Whoever is able to live contentedly in accordance with his needs and instead sells his soul to another, spurred by the desire for the luxuries of life, is the stupidest of fools.
If it is possible to live apart from people with the minimum of needs, this is the best situation.[5]
These aphorisms probably draw upon literary platitudes of ascetic scholarship. At the same time, weariness and frustration surely could occur in a physician’s relationships with his ruler-patients.
* * * * *
Read more:
- turbulent elite positions in thirteenth-century Damascus
- counseling rulers on coping with their anger
- providing elites with astrological knowledge
Notes:
[1] HP p. 316.
[2] HP p. 315.
[3] HP. p. 455. Mu‘izz al-Dawlah was a ruler in Aleppo about 1047 when Ibn Butlān visited that city. HP p. 464.
[4] HP p. 685. In attempting to strengthen the retentive powers of Ahmad’s stomach and strengthen his liver, ibn Zairak suffered profuse diarrhea and an inflamed liver. This transference of ailments from patient to physician suggests that this story was a courtly construction of some literary sophistication. It probably also generally reflects ibn Zairak’s difficulties serving Ahmad.
[5] HP pp. 918, 925 (#57), 926 (#68). Ibn Abi Usaybi’ah’s uncle was Rashid al-Dīn `Ālī ibn Khalīfa.
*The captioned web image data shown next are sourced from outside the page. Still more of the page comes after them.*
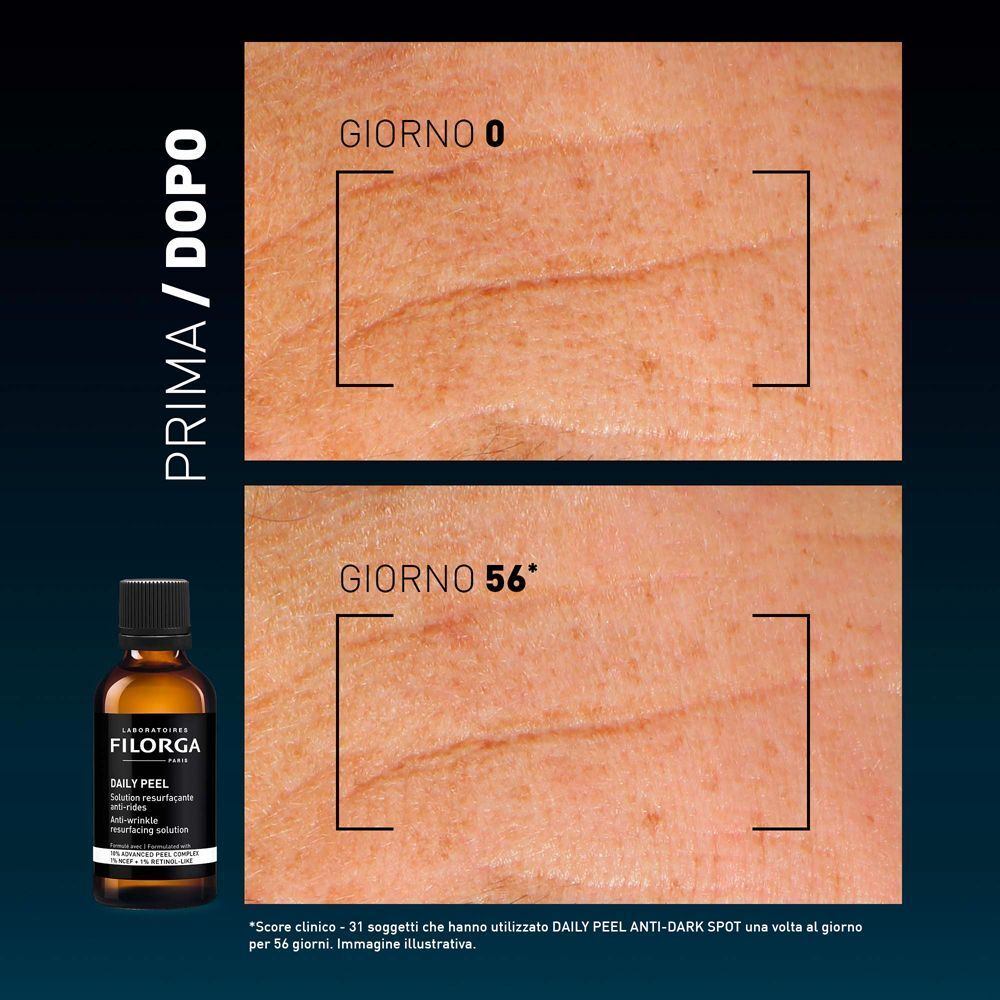 Confronto prima/dopo della pelle con Filorga Daily Peel Anti-Wrinkle.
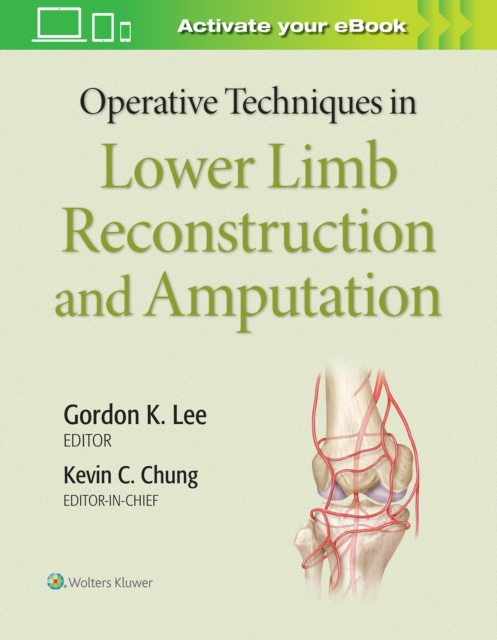 Operative Techniques in Lower Limb  Reconstruction and Amputation, Hardback Book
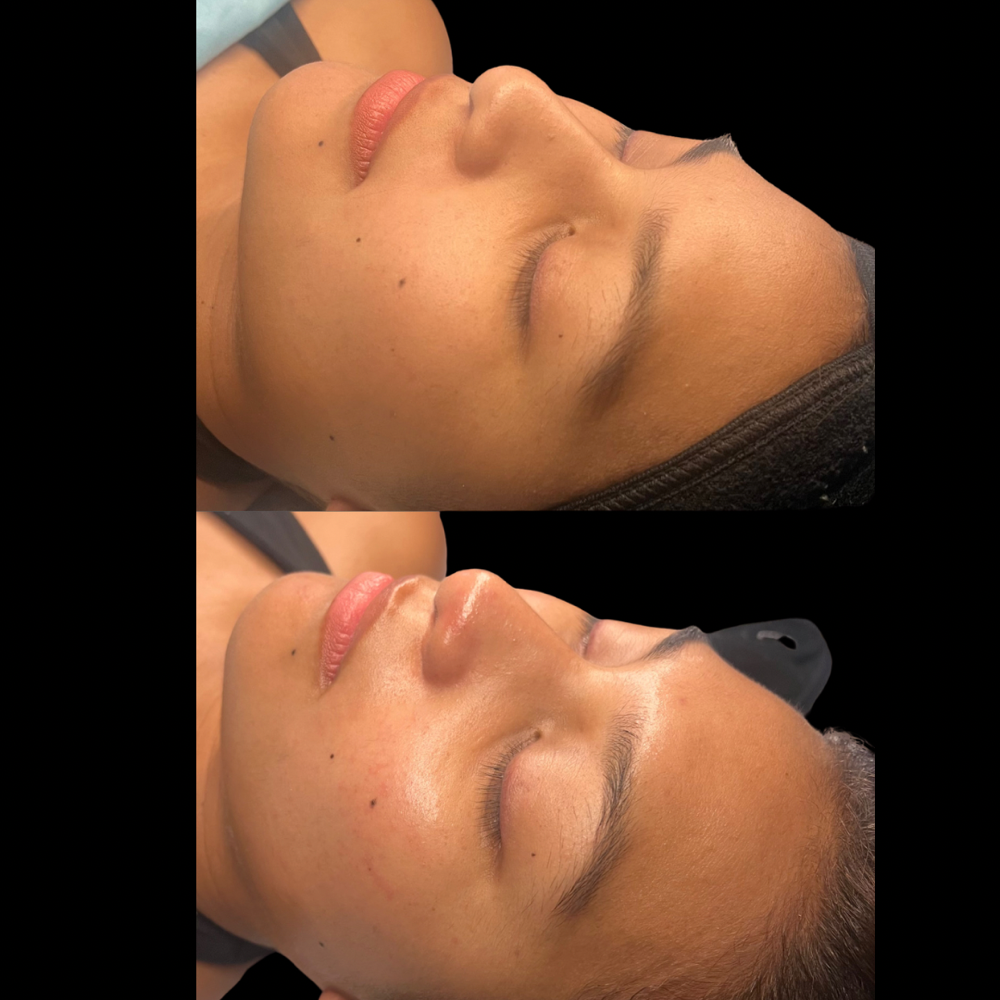 Signature Detox Facial + Microderm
He was born in Aleppo in 1183. At the young age of 25, he began serving the Sultan al-Malik al-Mu`azzam as a physician. He died young at age 38. Ibn Abi Usaybi’ah apparently greatly admired his uncle.
Reference:
HP: Ibn Abi Usaybi’ah, Ahmad ibn al-Qasim. English translation of History of Physicians (4 v.) Translated by Lothar Kopf. 1971. Located in: Modern Manuscripts Collection, History of Medicine Division, National Library of Medicine, Bethesda, MD; MS C 294. Online transcription.